*** Opening of Given records ***
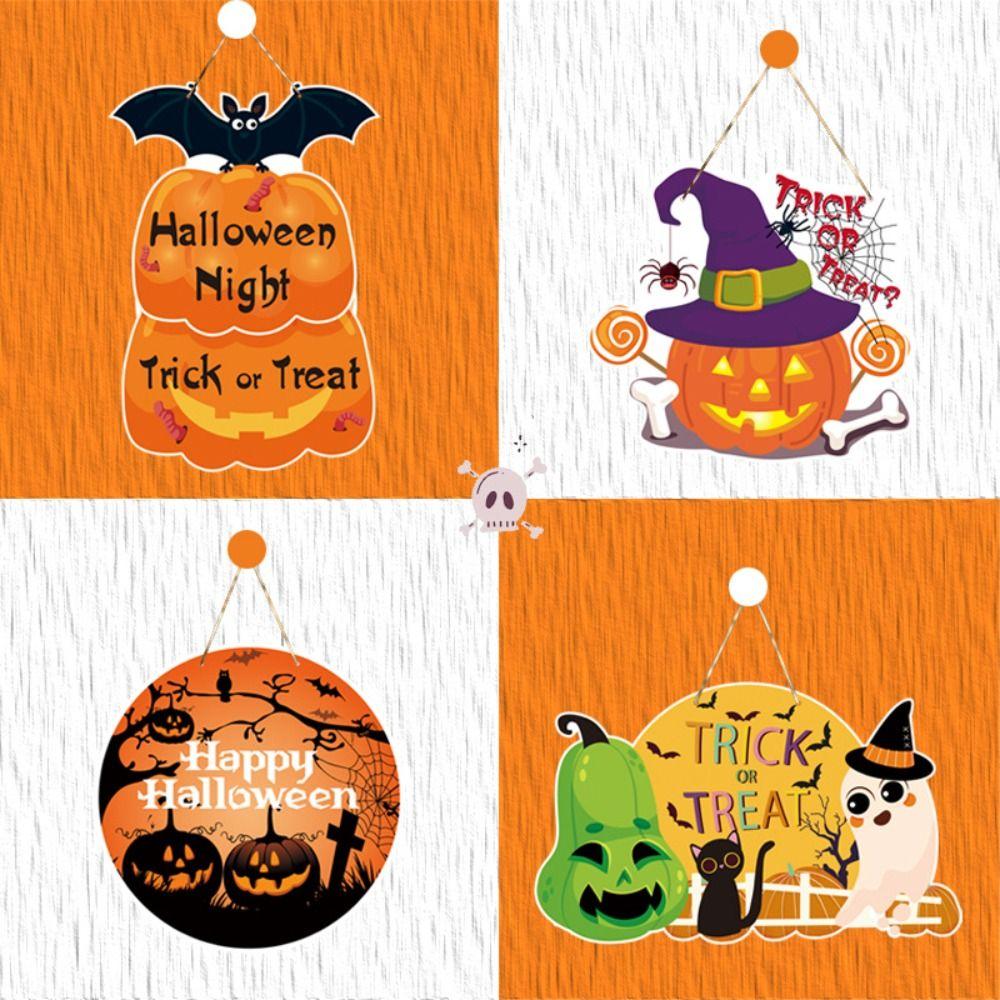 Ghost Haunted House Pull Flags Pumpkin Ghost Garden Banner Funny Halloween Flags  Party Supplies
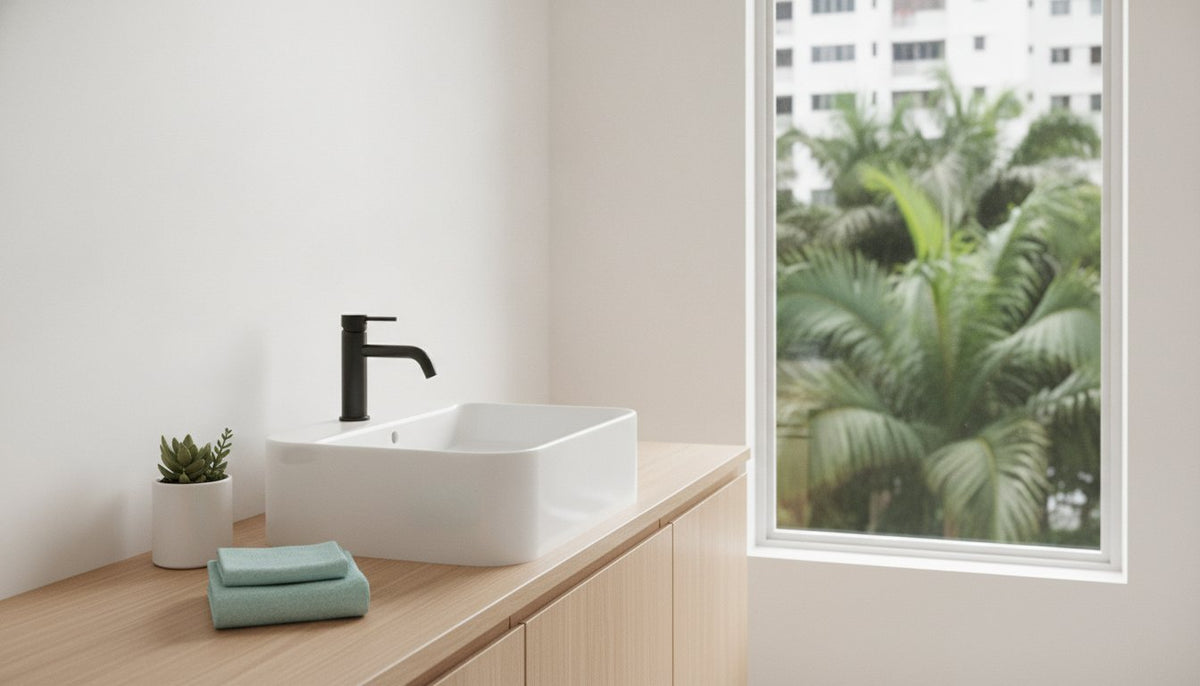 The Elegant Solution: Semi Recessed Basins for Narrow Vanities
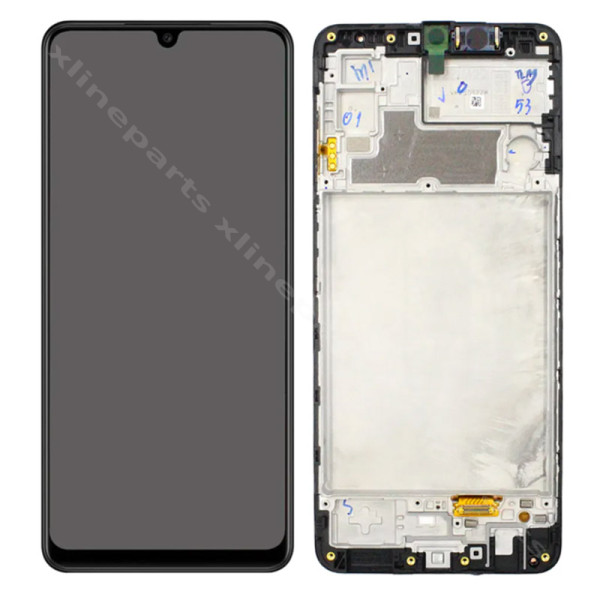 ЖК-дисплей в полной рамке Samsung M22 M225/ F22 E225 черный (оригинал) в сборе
*** Close of Given records ***
*** Opening of Given records ***
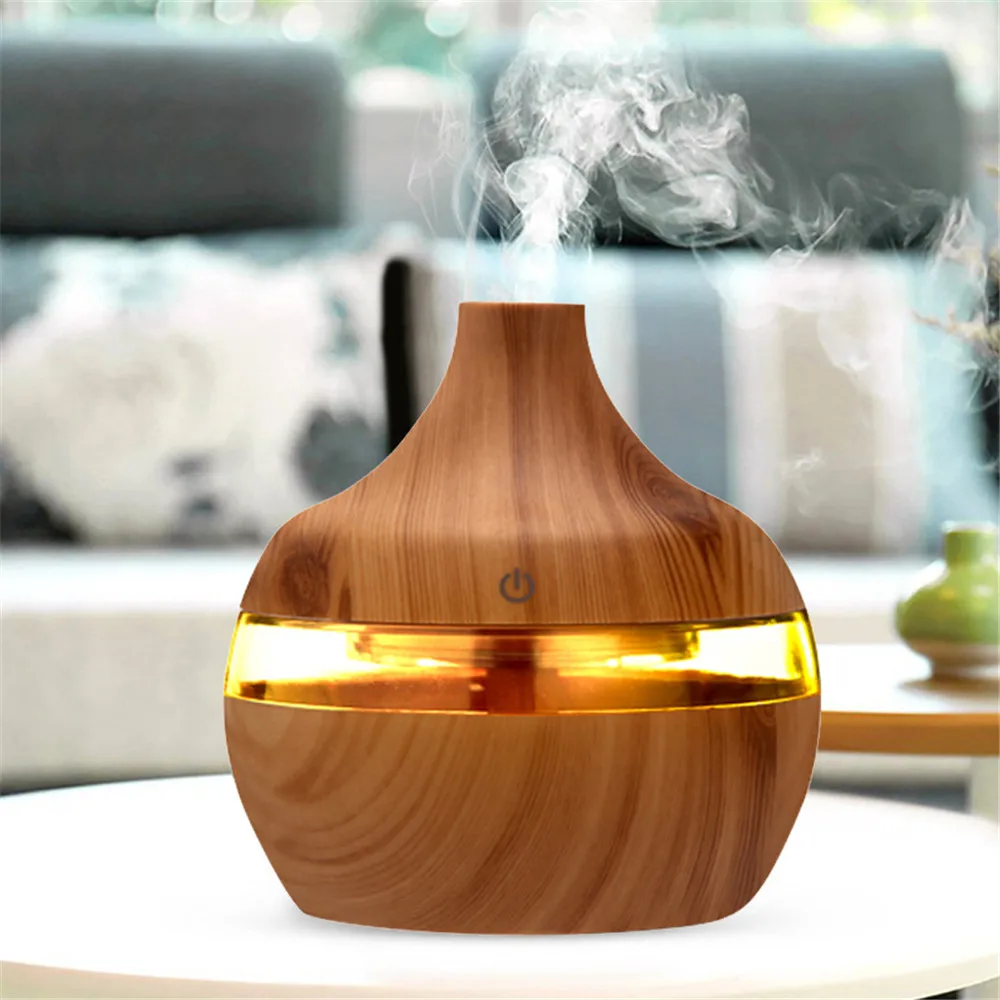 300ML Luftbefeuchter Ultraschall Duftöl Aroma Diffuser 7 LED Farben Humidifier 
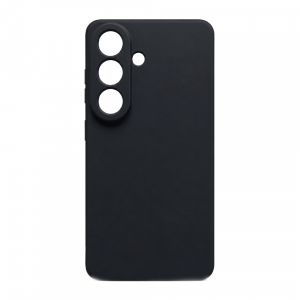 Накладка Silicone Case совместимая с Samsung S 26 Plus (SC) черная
*** Close of Given records ***
*** Opening of Given records ***
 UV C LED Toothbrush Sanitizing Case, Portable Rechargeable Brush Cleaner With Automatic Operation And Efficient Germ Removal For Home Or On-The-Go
*** Close of Given records ***
▶ **Task objective**
Beginning with the line that contains "The Elegant Solution: Semi" and ending with the line that contains "ЖК-дисплей в полной", reproduce the listing exactly, pictures excluded.

▶ **Answer to this problem**
 The Elegant Solution: Semi Recessed Basins for Narrow Vanities
 ЖК-дисплей в полной рамке Samsung M22 M225/ F22 E225 черный (оригинал) в сборе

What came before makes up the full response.